Q55. What is the Handoff pattern in multi-agent systems?

An agent specialises in one domain. When it determines the query is out of its scope, it hands off to another agent rather than attempting an answer outside its knowledge. The orchestrator routes the initial request to the right specialist. Cleaner separation of concerns than a single all-knowing agent.

Q56. How do you test an agent's tool calling behaviour?

Inject a FakeChatClient that returns pre-scripted tool call responses. Verify the correct tools are called with the expected parameters. Verify the agent correctly handles tool results and produces the expected final answer. This tests the agent logic without making real LLM calls.

Q57. What is grounding and why does it matter for agents?

Grounding means connecting the agent's reasoning to verifiable external facts via tools. A grounded agent calls a tool to look up the current order status rather than hallucinating it. Always prefer tool calls over the model's training knowledge for facts that change over time.

Q58. How do you handle secrets in agent tools?

Never put secrets in tool descriptions or function signatures — they appear in the prompt. Inject secrets via DI (IConfiguration, Azure Key Vault) into the tool class constructor. The model only sees the tool's parameters and return value, not its implementation.

Q59. What is function calling mode?

ChatToolMode.Auto: the model decides whether to call a tool or respond with text. ChatToolMode.Required: the model must call a tool (used for guaranteed structured output). ChatToolMode.None: tool calling disabled even if tools are registered. Use Required for the first turn when you always need a structured response.

Q60. How do you add observability to an agent?
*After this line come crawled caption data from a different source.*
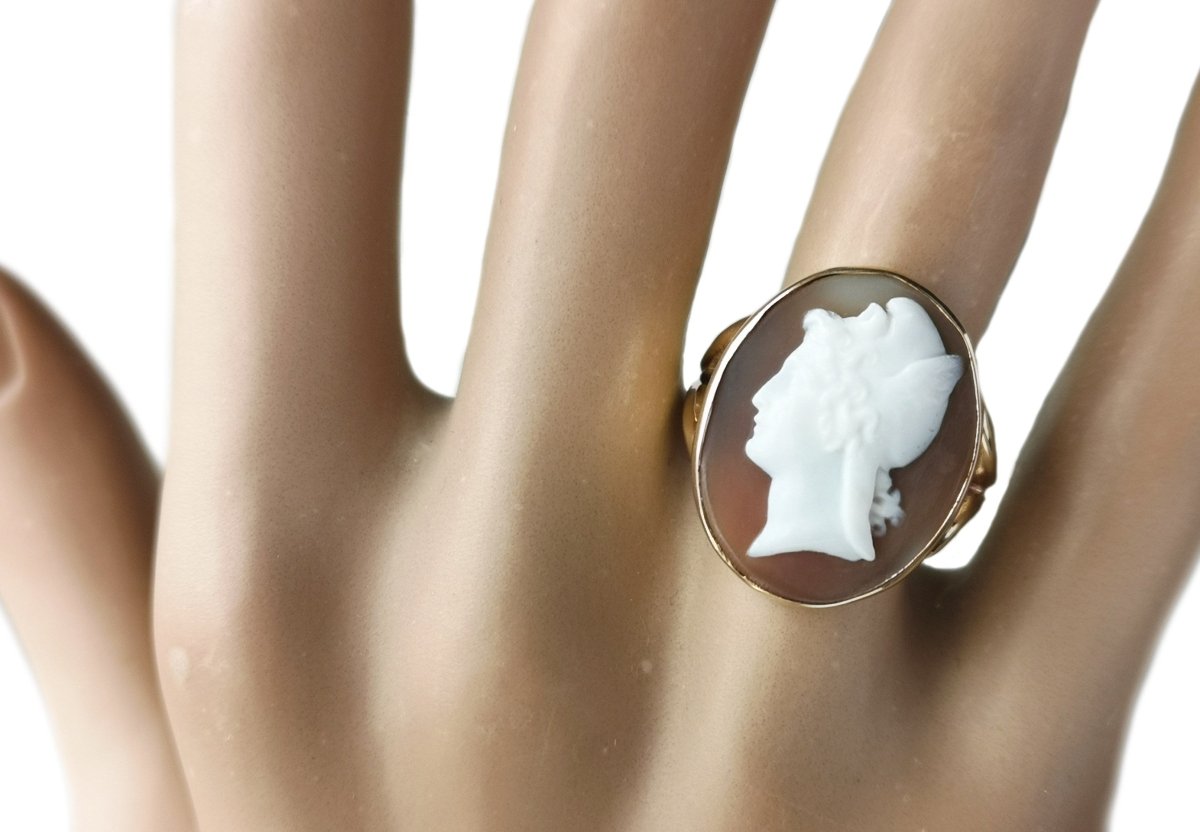 Antique 19th Century Ganymede Cameo Ring in Gold - Bloomsbury Manor Ltd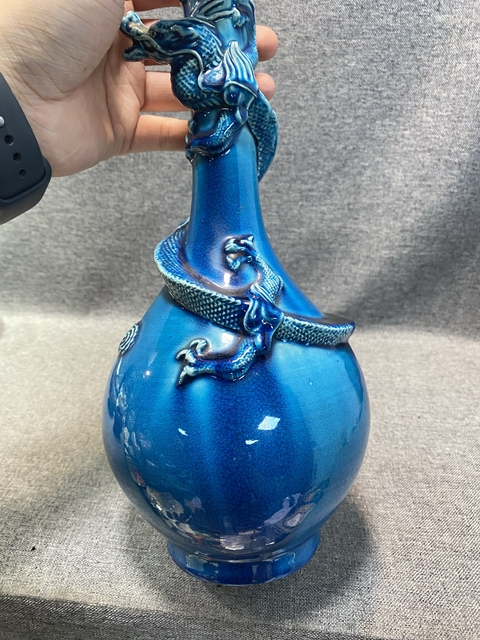 古玩陶瓷孔雀藍釉盤螭龍紋瓶真品鑒賞圖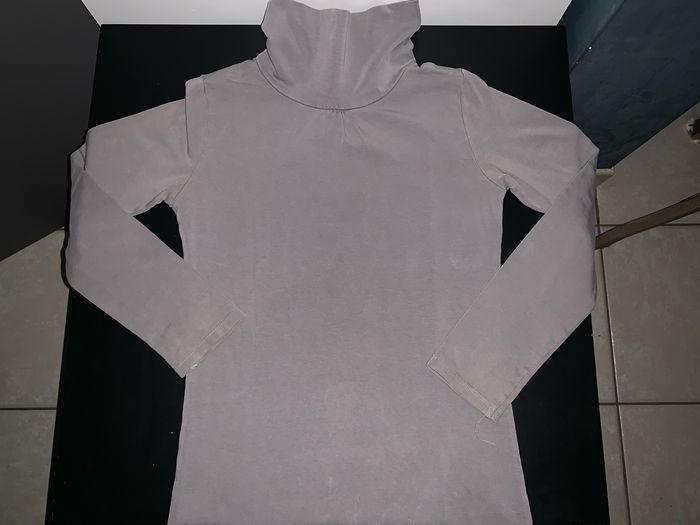 Sous pull uni gris à col roulé C&A Taille 12 ans en TBEG - photo numéro 3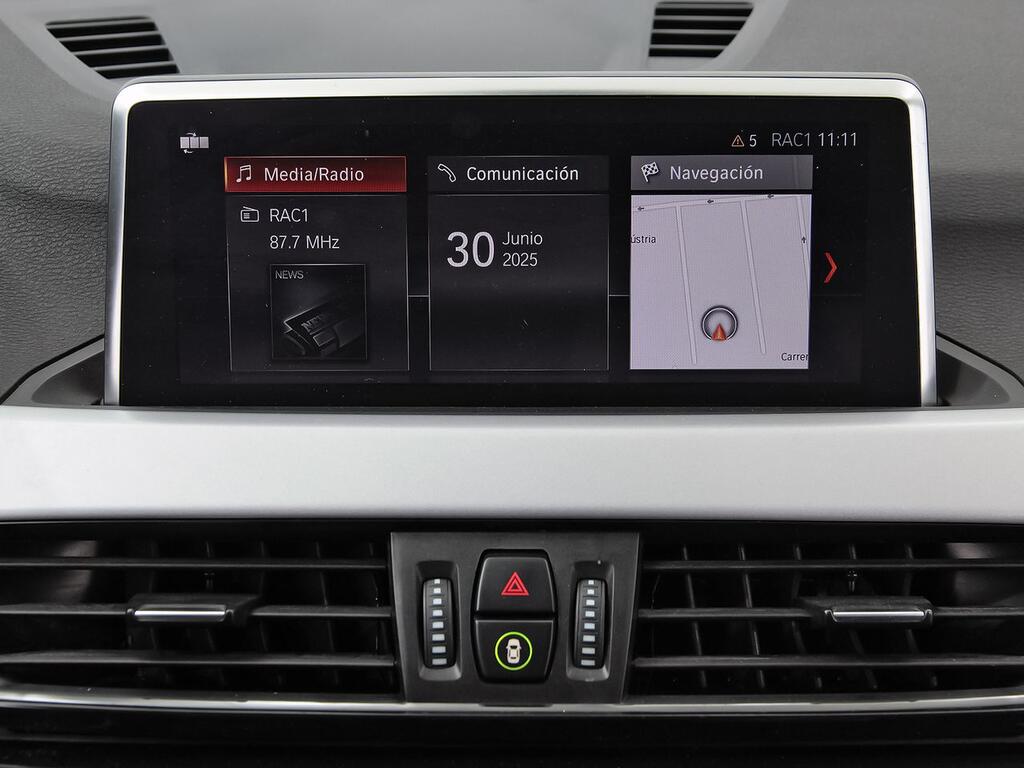 BMW X1 sDrive18i 23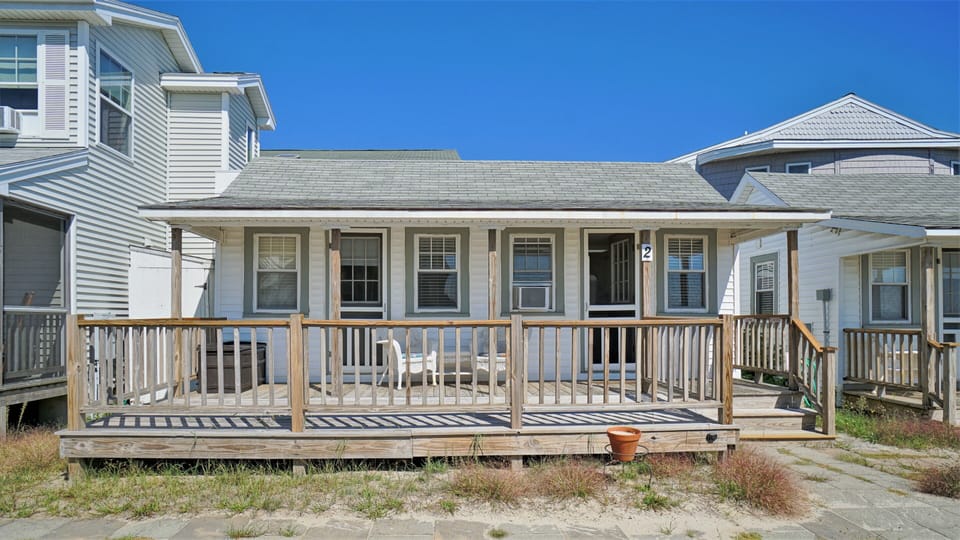 Private Deck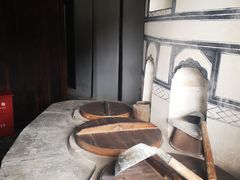 -张闻天故居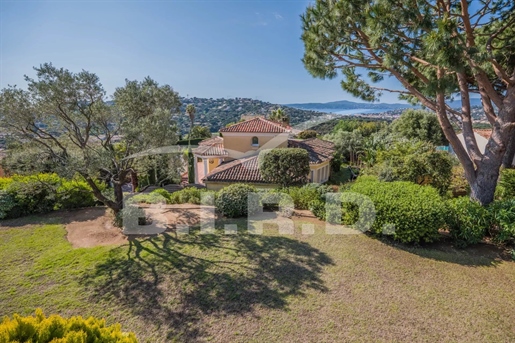 Sainte Maxime : Villa de charme dans un domaine privée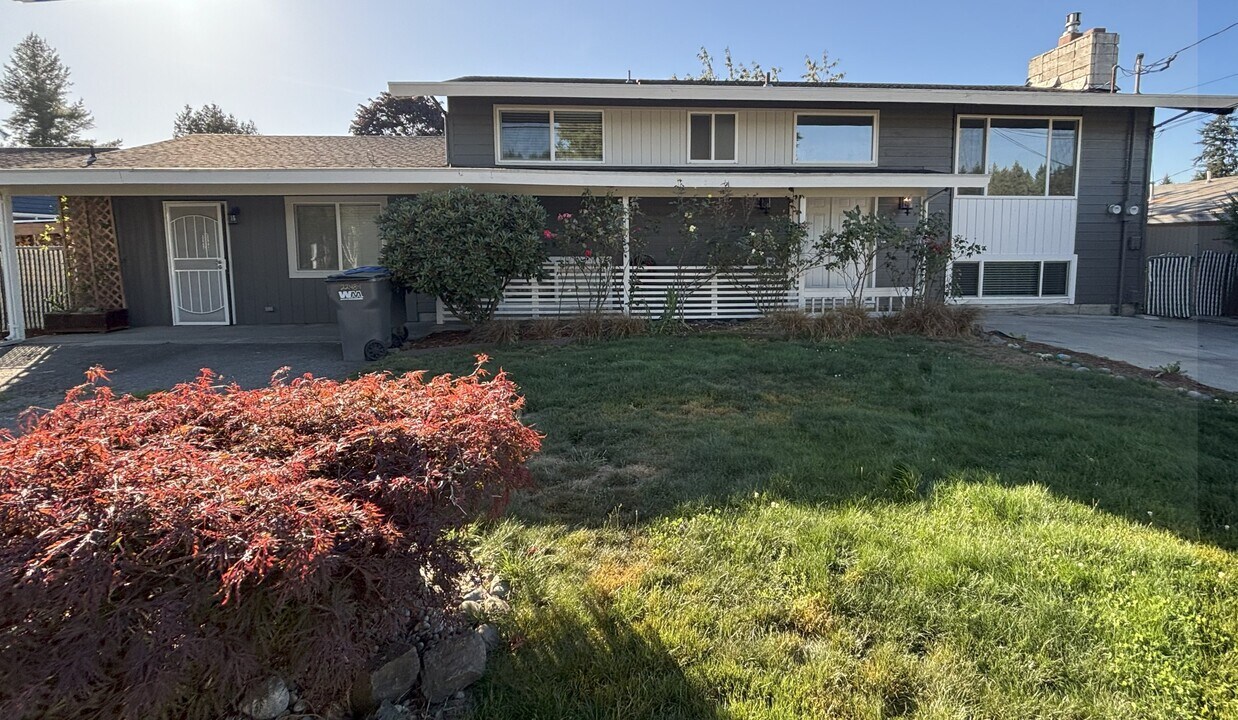 2248 Madrona Dr SE in Port Orchard, WA - Building Photo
ActivitySource traces: start a span per agent run, child spans per tool call. Log token usage per step. Emit metrics: tool call count, tool call latency, total tokens, total cost. Add OnRetry callbacks in Polly for retry counts. Store the full message history per session in a database for post-mortem analysis.
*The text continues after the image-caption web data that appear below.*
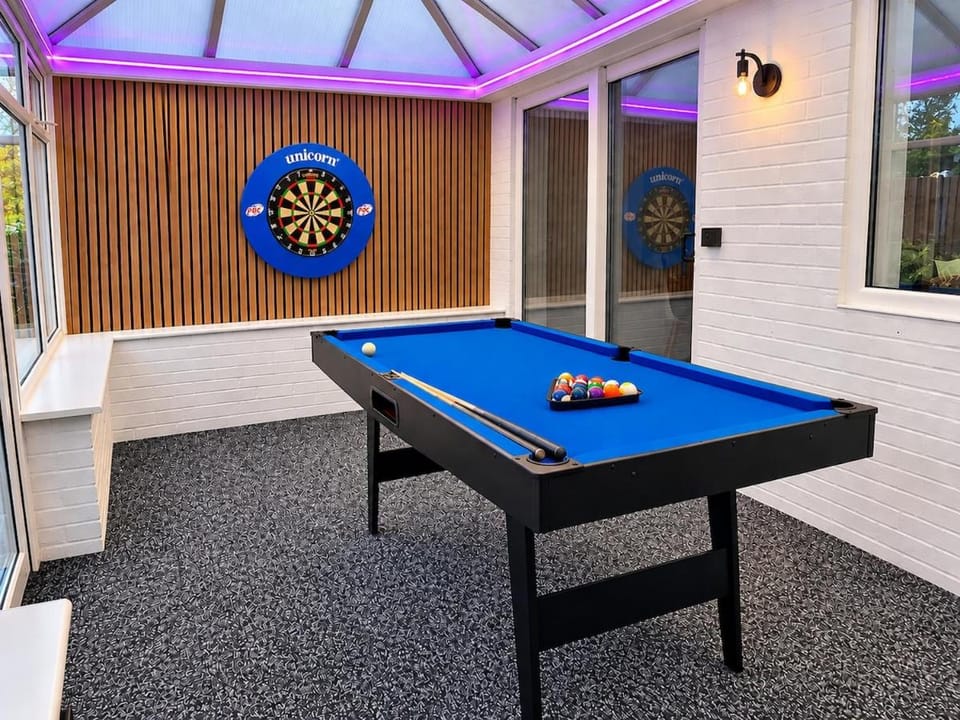 Billiard, Darts, Game Room, Game Room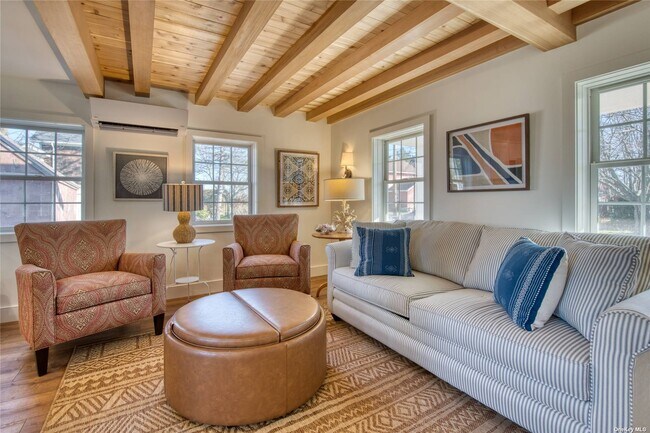 Building Photo - 555 Bridge St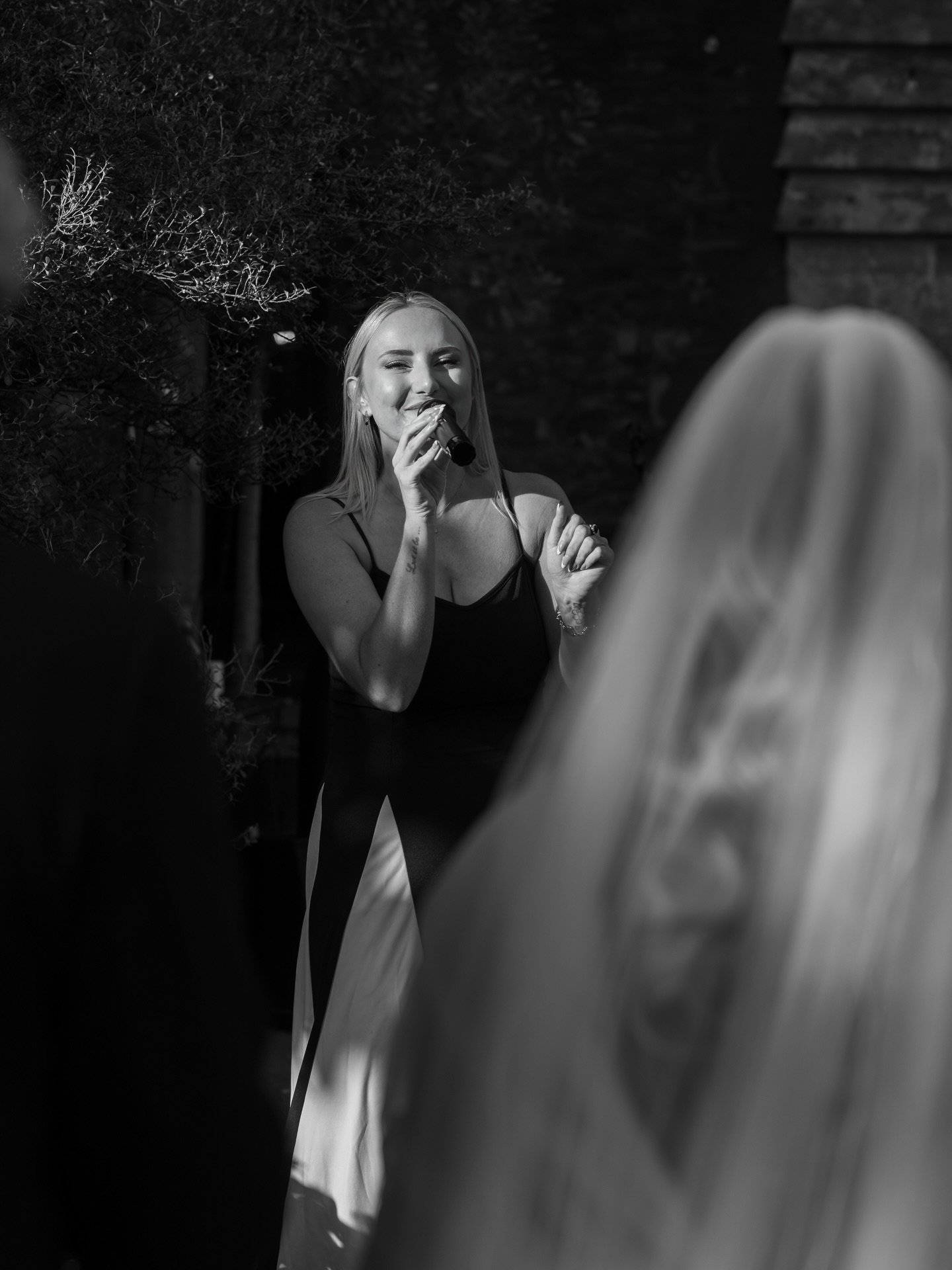Singing for the beautiful @iona_mb last year, shot by @justjamesweddings 💫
Section 4 — Production AI (Q61–Q80)

Q61. How do you cache LLM responses?

Exact-match: UseDistributedCache() in the IChatClient pipeline — hashes the full message list, stores response in Redis. Semantic: embed the query, find similar cached queries above 0.95 cosine similarity. Semantic caching handles paraphrased questions. Both together cover 40-60% of traffic in typical Q&A systems.

Q62. What is a fallback model and when do you use it?

When the primary model provider returns a 5xx error or times out, transparently retry on a secondary provider (or a local Ollama model). Implement as a FallbackChatClient wrapping the primary with a try-catch on HttpRequestException and TimeoutException.

Q63. How do you control AI costs per user?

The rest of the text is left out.